In the second season of The Americans, the stakes are higher, the wigs shaggier, and the sex more dangerous: The FX drama’s 2013 pilot first introduced Keri Russell’s character, Elizabeth Jennings—a KGB spy living undercover in the U.S. during the Cold War—with a scene in which she poses as a prostitute and performs oral sex on an FBI agent from whom she steals intel. But early in the season-two premiere, an even more daring (especially for basic cable) sexual act between Jennings and her husband, Philip (Matthew Rhys), is cut short when their teenage daughter interrupts. “Paige is certainly affected by it,” says Russell, laughing. “She’ll never, ever, open a closed door again.”
At least Paige’s permanent scarring helped lay some thematic groundwork: “This season is all about their family,” says Russell. “Last year was about [Elizabeth and Philip’s] marriage. But they are a unified front now, and they’ll be dealing with the things everyday parents do.” Plus the usual espionage stuff: “Getting shot at the end of last season has shaken Elizabeth on a massive level. She’s not exactly cutting it as a spy. But does it shake her feeling about the cause? I think she’s still pretty into it. Elizabeth is hard-core.”
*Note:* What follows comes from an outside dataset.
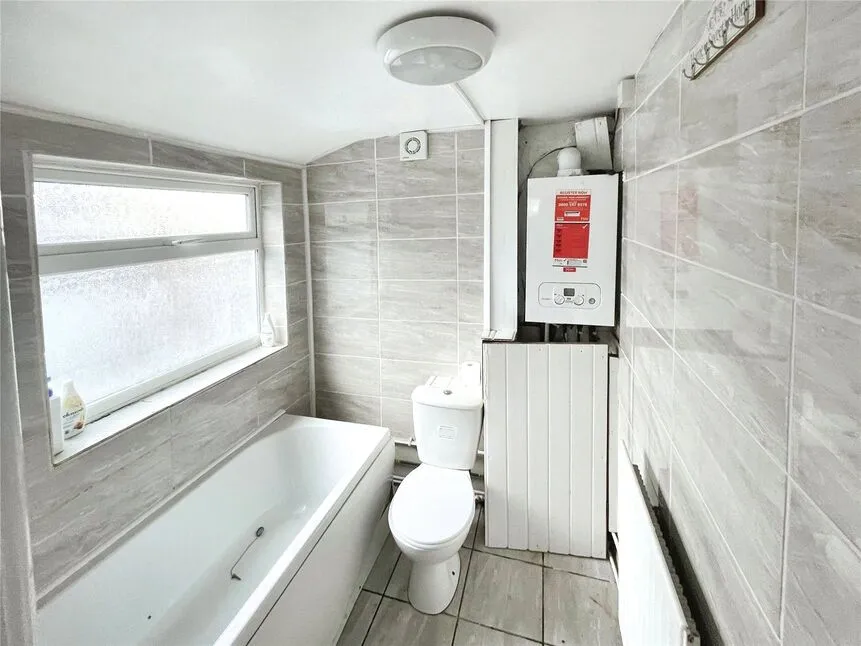 Gorsebrook Road, Wolverhampton, WV6, photo 5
Between seasons, Russell reunited with director Matt Reeves—who helped launch her career when he co-created TV’s Felicity in 1998—to play a doctor in this summer’s Dawn of the Planet of the Apes. “I’m not really summer-blockbuster-movie material. My boobs aren’t big enough for that,” she says. “When Matt called, I was like, ‘You mean I’d be doing these emotional scenes with grown men in unitards pretending to be apes?’ But Andy Serkis [who plays lead ape Caesar] and I had so many gut-wrenching crying scenes. The unitards weren’t a problem.”